Tellurene, a new two-dimensional (2D) layered material, has triggered huge interest due to its unusual properties since it was proposed by Zhu et al.¹ As the first discovered group-V elemental 2D material, tellurene possesses many desirable properties, such as thickness-dependent band gap, high carrier mobility, good thermoelectric performance and sizable ferroelectricity.^2–5 Compared with multilayer 2D materials, a monolayer often possesses some extraordinary properties. For example, monolayer graphene has a significantly greater carrier mobility⁶ and a much higher thermal conductivity⁷ than multilayer graphene. For monolayer tellurene, at least five stable or meta-stable phases have been reported.^1,8–10 Among the several reported phases of tellurene, β-tellurene has been proved to be the most stable phase for a monolayer and it has been successfully synthesized by different experimental methods.^11,14 α-Phase and β-phase tellurene have similar structures but they do exhibit quite different properties.^15,20 Naturally, the similarity of the structures drives researchers to clarify the relationship between these two phases.

Piezoelectric materials, which convert mechanical energy into electrical energy, have potential applications in sensors and energy harvesting. 2D materials have aroused interest for piezoelectric applications because of their ability to withstand enormous strain.

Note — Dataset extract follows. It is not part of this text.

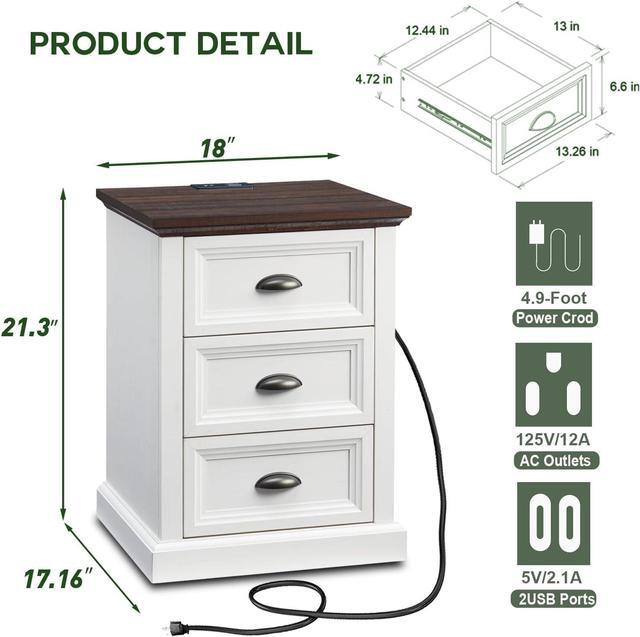 Alt view image 2 of 6 - 21" Tall Nightstand with 3 Drawers, Farmhouse 18" Wide End Table with Charging Station, Wood Rustic Side Table, Small Dresser Chest of Drawers for Bedroom, Living Room, Closet, White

Among the studied properties of tellurene, ferroelectricity might be the most intriguing one. It's well known that ferroelectricity is mostly found in compound materials with different electronegativities and non-centrosymmetric structures. Since elemental materials are composed of the same element and typically possess a high symmetry structure, they have been reported to have no ferroelectricity traditionally. Recently, motivated by the natural multivalence of Te and experimental breakthrough in realizing 2D Te ultra-thin films,^11–14 Wang et al.¹⁵ reported the first elemental 2D ferroelectric material: few-layer non-centrosymmetric α-tellurene. It evolved from centrosymmetric β-tellurene due to the interlayer interaction between lone pairs. For monolayer β-tellurene, interlayer interaction from lone pairs disappears. Since centrosymmetry-breaking is key to the ferroelectricity in tellurene, it's natural for us to reflect whether we can control the symmetry in monolayer β-tellurene by using other methods.

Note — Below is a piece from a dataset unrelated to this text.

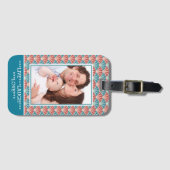 Aangepaste foto met decoratief patroon bagagelabel (Voorkant (horizontaal))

Strain engineering provides an effective way to tune the properties of 2D materials. It has been widely used to modulate the band structure, magnetism, thermoconductivity, lattice vibration, and even the structures of materials such as graphene, MoS₂, and phosphorene.^16–19 Moreover, strain is unavoidable during the fabrication of 2D materials due to lattice mismatch with the substrate. Recently, Xiang et al.²⁰ investigated the energy barrier between two phases, achieving a compressive strain-induced non-centrosymmetric α-phase to centrosymmetric β-phase transition in bilayer tellurene. The findings of Xiang have shed light on the way to modulate the symmetry in multilayer tellurene. As reported by several groups,^1,4,20 the β-phase is the most stable phase for monolayer tellurene. While the α-phase is interesting due to its centrosymmetry breaking and possible piezoelectric property, can we modulate the structure of monolayer tellurene from the β-phase to the α-phase by strain engineering? Furthermore, the magnitude of piezoelectricity in multilayer tellurene is related to the interlayer interaction that does not exist in monolayer tellurene. For monolayer tellurene, can we modulate the magnitude of piezoelectricity?

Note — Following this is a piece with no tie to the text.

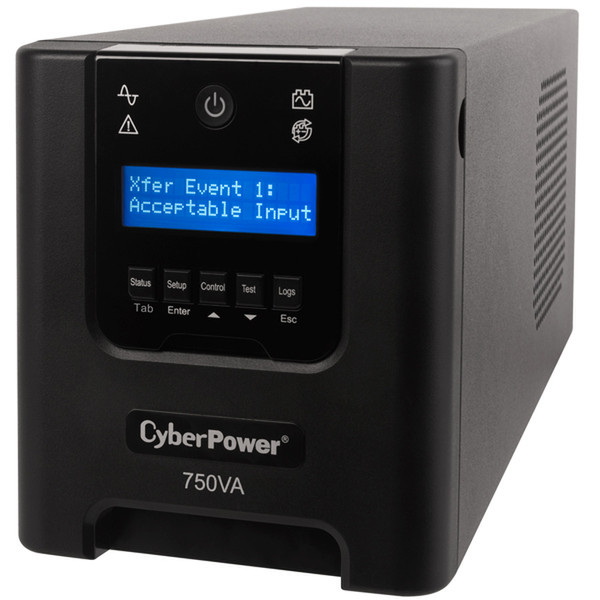 CyberPower PR750LCD Line-interactive 750VA 6AC outlet(s) Tower Black uninterruptible power supply (UPS)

In this paper, we investigate the phase transition in monolayer tellurene induced by strain using first-principles calculations. Our calculations show that a centrosymmetric β-phase to non-centrosymmetric α-phase transition would occur when the strain is increased to 0.5%. To understand the mechanics of the phase transition, we analyse the variation of the bond length and the phonon spectra of α- and β-tellurene. We propose that the decrease of the bonding strength due to the increase of the bond length and the enhanced vibration mode of atoms are two main factors for the phase transition. The phase transition can induce the piezoelectric property in the α-phase and the magnitude could be further tuned by the tensile strain.

Computational methods

All the calculations are performed using density functional theory (DFT), as implemented in the Vienna ab initio Simulation Package (VASP).^21,22 The exchange–correlation is treated with the Perdew–Burker–Ernzerhof (PBE) functional under the generalized gradient approximation (GGA).²³ The plane-wave cut-off energy is set to 300 eV after a convergence test (ESI Fig. S1†) and the vacuum space is set to at least 20 Å in order to hinder the interactions between the monolayer and its mirror layers. A strict convergence condition (10⁻⁸ eV for energy convergence and 0.001 eV Å⁻¹ for force convergence) is introduced to ensure the accuracy of the calculations. It has been well established that the spin–orbit coupling (SOC) effect is relatively important for tellurium, and SOC is taken into consideration for all electronic-structure calculations. The long-range van der Waals interactions are also taken into consideration by means of DFT-D3 methods.^24,25 An 11 × 11 × 1 k-mesh (convergence test shown in ESI Fig. S2†) with the Monkhorst–Pack model²⁶ is applied to sample the irreducible Brillouin zone in all calculations except for phonon frequencies. Phonon frequencies are obtained using Phononpy²⁷ with a 4 × 4 × 1 supercell and 3 × 3 × 1 k-mesh. Ferroelectric polarizations are computed by using the Berry phase method²⁸ implemented in VASP.

Results and discussion

The structures of β-tellurene and α-tellurene are shown in Fig. 1. Note that since the definition of 2D Te phases is inconsistent among different research groups, we follow the definition based on the space group of material symmetry.^15,20 With the middle-layer Te atoms located at the centre of the unit cell in the y-direction, β-tellurene forms a centrosymmetric structure which belongs to the space group P2/m, while for α-tellurene, the middle-layer Te atoms deviate from the centre, forming a new structure with a P2 symmetry. The main difference of the two phases is the deviation of the middle-layer Te atoms from the centre in the y-direction. We define a displacement ratio κ as |0.5b−d|/0.5b to characterize the deviation from the centrosymmetric β-phase, where b and d are the lattice constant and the distance between the centre and outer Te atoms along the y-direction respectively as shown in Fig. 1(a). When κ = 0, the structure is centrosymmetric β-phase tellurene. κ larger than 0 implies non-symmetric α-phase tellurene. As is illustrated in Fig. 1(b), there are three types of bonds in tellurene. Bond1 and bond2 denote the bonds between the middle layer Te atoms and the outer layer Te atoms. They are equivalent in β-tellurene and unequivalent in α-tellurene. Bond3 denotes the bond between the two outer layer Te atoms and dz represents the height of buckling.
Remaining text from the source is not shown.